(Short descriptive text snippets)
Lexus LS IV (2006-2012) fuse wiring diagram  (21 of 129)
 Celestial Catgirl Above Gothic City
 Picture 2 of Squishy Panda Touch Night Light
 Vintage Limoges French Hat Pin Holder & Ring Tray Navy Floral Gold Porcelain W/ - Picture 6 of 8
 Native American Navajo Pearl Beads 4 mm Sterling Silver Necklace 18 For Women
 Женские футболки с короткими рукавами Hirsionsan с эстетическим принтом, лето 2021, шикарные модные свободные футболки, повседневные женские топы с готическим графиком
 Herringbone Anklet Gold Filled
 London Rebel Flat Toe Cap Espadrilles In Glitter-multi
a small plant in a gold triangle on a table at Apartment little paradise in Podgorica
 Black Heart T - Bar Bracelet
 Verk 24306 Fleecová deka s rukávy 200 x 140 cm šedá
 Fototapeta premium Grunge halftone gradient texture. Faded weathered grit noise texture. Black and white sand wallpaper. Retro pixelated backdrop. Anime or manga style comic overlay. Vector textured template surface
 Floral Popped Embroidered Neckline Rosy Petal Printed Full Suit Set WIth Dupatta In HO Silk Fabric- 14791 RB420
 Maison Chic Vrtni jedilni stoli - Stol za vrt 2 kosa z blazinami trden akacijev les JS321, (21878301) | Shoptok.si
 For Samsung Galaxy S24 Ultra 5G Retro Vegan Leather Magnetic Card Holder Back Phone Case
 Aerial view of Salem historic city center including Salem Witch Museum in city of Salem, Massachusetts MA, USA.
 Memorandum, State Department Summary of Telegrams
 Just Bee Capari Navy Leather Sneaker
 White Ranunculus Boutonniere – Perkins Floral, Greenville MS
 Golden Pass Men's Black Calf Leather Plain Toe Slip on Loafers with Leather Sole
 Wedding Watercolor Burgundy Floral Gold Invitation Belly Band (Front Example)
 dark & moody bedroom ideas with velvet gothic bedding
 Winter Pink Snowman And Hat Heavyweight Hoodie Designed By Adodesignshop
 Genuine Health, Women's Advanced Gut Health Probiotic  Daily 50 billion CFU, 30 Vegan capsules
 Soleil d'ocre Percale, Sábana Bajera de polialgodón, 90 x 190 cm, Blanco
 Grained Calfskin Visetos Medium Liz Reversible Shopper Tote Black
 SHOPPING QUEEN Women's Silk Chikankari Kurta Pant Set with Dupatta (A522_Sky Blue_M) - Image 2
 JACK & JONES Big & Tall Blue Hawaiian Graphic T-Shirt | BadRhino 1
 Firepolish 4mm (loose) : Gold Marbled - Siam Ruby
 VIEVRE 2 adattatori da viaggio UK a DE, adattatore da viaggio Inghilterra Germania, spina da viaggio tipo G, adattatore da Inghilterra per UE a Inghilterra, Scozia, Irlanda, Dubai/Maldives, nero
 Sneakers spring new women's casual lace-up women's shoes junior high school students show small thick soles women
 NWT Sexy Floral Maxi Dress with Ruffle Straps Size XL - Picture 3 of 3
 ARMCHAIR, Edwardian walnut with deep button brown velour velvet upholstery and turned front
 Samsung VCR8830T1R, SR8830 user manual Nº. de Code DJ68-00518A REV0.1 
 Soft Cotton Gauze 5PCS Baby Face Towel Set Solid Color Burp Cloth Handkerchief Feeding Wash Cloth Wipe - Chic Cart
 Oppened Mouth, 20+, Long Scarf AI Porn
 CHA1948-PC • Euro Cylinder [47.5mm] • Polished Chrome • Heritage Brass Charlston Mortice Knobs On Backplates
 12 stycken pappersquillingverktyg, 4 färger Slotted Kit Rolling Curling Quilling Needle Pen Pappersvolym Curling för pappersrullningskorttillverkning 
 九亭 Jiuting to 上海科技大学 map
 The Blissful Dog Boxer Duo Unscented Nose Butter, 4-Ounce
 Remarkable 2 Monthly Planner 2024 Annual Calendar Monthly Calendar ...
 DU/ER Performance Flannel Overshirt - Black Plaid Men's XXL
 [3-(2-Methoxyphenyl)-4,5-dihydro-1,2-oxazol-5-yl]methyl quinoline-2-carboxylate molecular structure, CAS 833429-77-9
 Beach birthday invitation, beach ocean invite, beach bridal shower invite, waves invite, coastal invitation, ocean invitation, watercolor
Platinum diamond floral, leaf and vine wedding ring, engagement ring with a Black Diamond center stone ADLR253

## ABOUT THIS EXERCISE
Your answer should consist only of the lines above between the line holding "The Blissful Dog" and the line holding "Beach birthday invitation, beach", inclusive, each transcribed exactly.

## RESPONSE AREA
 The Blissful Dog Boxer Duo Unscented Nose Butter, 4-Ounce
 Remarkable 2 Monthly Planner 2024 Annual Calendar Monthly Calendar ...
 DU/ER Performance Flannel Overshirt - Black Plaid Men's XXL
 [3-(2-Methoxyphenyl)-4,5-dihydro-1,2-oxazol-5-yl]methyl quinoline-2-carboxylate molecular structure, CAS 833429-77-9
 Beach birthday invitation, beach ocean invite, beach bridal shower invite, waves invite, coastal invitation, ocean invitation, watercolor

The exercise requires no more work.